Home1797 Edition

MALPIGHIA

Volume 10 · 287 words · 1797 Edition

Barbadoes cherry, a genus of the trigynia order, belonging to the decandria clas of plants; and in the natural method ranking under the 23rd order, Tribilatae. The calyx is pentaphyllous, with meliferous pores on the outside at the base. There are five petals, roundish, and unguiculated; the berry unilocular, and trispermous.

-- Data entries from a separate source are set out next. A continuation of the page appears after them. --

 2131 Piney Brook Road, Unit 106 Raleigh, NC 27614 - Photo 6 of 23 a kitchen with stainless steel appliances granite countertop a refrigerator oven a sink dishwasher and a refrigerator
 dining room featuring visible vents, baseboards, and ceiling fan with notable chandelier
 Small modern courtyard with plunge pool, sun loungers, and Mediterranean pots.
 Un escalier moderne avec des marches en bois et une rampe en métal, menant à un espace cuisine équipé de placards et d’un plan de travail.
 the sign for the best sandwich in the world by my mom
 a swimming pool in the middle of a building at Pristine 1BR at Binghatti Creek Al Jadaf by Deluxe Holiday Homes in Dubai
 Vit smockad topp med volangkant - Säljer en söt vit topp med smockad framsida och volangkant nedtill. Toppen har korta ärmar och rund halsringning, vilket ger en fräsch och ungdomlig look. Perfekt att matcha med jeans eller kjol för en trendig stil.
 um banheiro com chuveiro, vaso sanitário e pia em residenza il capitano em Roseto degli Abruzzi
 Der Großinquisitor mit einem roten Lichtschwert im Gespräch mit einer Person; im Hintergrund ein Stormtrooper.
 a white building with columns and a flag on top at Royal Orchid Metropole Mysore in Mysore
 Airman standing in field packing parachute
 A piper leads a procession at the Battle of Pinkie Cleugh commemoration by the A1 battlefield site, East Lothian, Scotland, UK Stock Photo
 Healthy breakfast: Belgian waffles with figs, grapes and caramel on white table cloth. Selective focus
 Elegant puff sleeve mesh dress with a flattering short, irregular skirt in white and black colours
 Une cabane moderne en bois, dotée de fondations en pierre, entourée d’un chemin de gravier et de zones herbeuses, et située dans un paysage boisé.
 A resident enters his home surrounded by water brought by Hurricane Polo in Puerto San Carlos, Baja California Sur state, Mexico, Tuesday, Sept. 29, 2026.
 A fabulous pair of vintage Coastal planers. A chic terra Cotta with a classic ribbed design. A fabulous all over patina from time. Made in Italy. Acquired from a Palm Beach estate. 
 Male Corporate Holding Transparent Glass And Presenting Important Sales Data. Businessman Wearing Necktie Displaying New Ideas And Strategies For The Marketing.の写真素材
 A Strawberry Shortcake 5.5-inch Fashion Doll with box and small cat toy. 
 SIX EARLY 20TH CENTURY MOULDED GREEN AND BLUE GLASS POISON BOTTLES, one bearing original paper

There are eight or ten species, all of them shrubby evergreens of the warm parts of America, rising with branchy stems from 8 or 10 to 15 or 20 feet high, ornamented with oval and lanceolate entire leaves, and large pentapetalous flowers, succeeded by red, cherry-shaped, eatable berries, of an acid and palatable flavour; and which, in the West Indies, where they grow naturally, are used instead of cherries. Three of the species are reared in our gardens, and make a fine variety in the stove. They retain their leaves all the year round; and begin to flower about the end of autumn, continuing in constant succession till the spring; after which they frequently produce and ripen their fruit, which commonly equals the size of a small cherry. The flowers are of a pale-red or purple colour. These plants are propagated by seed, which must be sown in spring, in pots of rich earth; then plunge them in a hot-bed; and when the plants are three or four inches high, prick them in separate small pots, give water, and plunge them in the barkbed of the stove; where after they have remained a year or two, they may be placed in any part of it. They may even be placed in the open air during a month or two of the hottest weather in summer; but must be carefully supplied with water during the whole year.